Preparation of Carbon Dots with Peroxidase-like Activity and Their Application in Staphylococcus aureus Detection and Antimicrobial Susceptibility Test

Carbon dot (CD) nanozymes with excellent biocompatibility, optical properties, and catalytic activity show great promise for microbial detection and drug sensitivity testing. This study reports the synthesis of metal-doped green-emitting CDs with good peroxidase-like activity, which were synthesized via a one-step hydrothermal route using thiourea, N-[3-(trimethoxysilyl)propyl]ethylenediamine, and catechol as the starting materials and FeCl3 as the doping agent. In the presence of H2O2, CDs catalyze the oxidation of 3,3',5,5'-tetramethylbenzidine (TMB), producing a blue product; however, in the presence of bacteria and H2O2, the bacterial catalase enzyme decomposes H2O2 and inhibits the catalytic activity of CDs, preventing the color change.
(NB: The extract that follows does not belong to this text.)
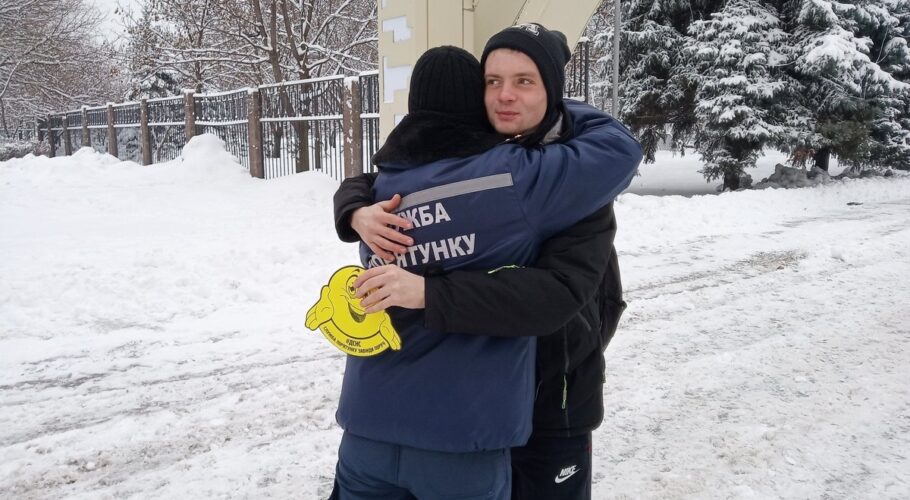 День обіймів – «блукаюче свято», рекомендують відзначити сьогодні рятувальники Кам’янського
The bacterial catalase enzyme neutralizes H2O2, which prevents the CDs from producing the color-changing reaction with TMB. Based on the CDs-TMB-H2O2 cascade system of bioenzymes and nanozymes, we developed a rapid, sensitive, and direct colorimetric detection method for Staphylococcus aureus (S. aureus) with a detection limit of 2 × 103 CFU/mL and a linear range of 2 × 103-2 × 106 CFU/mL. This visual detection method was successfully applied to the detection of S. aureus in food samples. Antibiotics have different effects on the proliferation of sensitive and resistant bacterial strains, leading to different levels of hydrolysis of H2O2 in the bacterial solution and resulting in varying intensities of the solution color; therefore, we developed a simple and visual antibiotic susceptibility test. The applications of CD nanozymes provide a powerful tool for detecting pathogenic bacteria in food, clinical, and environmental samples and infections.